> _What is being asked_: From the first line of the listing, copy each line exactly until you have included the line with "Collar Нашийник для"; leave out the pictures.

> _Data shown_:
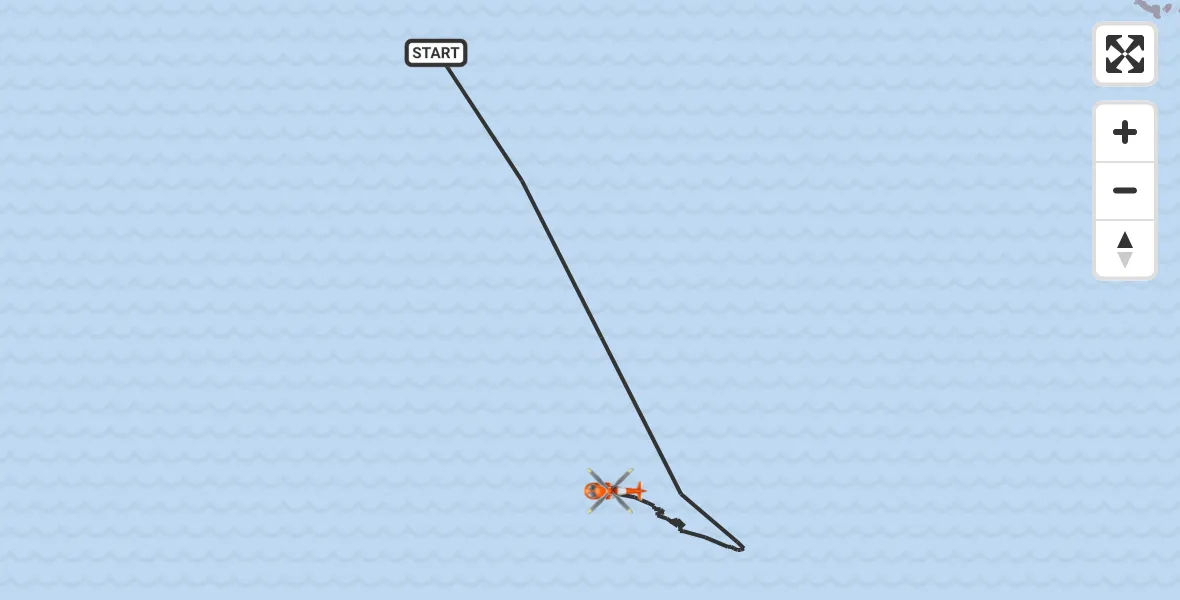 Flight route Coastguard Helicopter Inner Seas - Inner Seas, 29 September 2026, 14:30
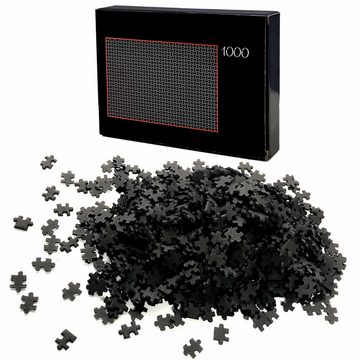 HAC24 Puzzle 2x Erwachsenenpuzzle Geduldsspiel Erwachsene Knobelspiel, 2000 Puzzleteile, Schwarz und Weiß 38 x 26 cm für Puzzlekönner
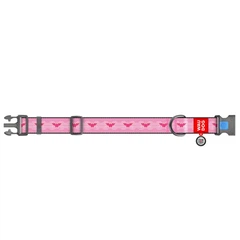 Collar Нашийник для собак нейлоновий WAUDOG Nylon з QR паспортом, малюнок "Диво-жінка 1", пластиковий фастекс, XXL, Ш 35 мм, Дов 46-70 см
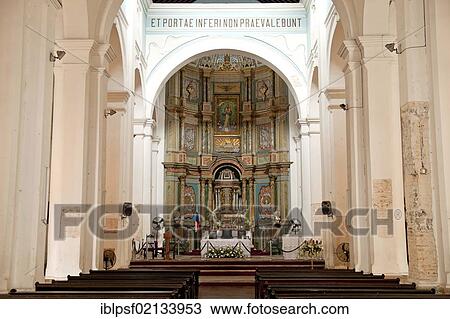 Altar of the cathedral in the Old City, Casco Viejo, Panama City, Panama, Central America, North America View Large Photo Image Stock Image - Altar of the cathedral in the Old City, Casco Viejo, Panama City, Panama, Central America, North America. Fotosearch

> _Solution to the problem_:
 Flight route Coastguard Helicopter Inner Seas - Inner Seas, 29 September 2026, 14:30
 HAC24 Puzzle 2x Erwachsenenpuzzle Geduldsspiel Erwachsene Knobelspiel, 2000 Puzzleteile, Schwarz und Weiß 38 x 26 cm für Puzzlekönner
 Collar Нашийник для собак нейлоновий WAUDOG Nylon з QR паспортом, малюнок "Диво-жінка 1", пластиковий фастекс, XXL, Ш 35 мм, Дов 46-70 см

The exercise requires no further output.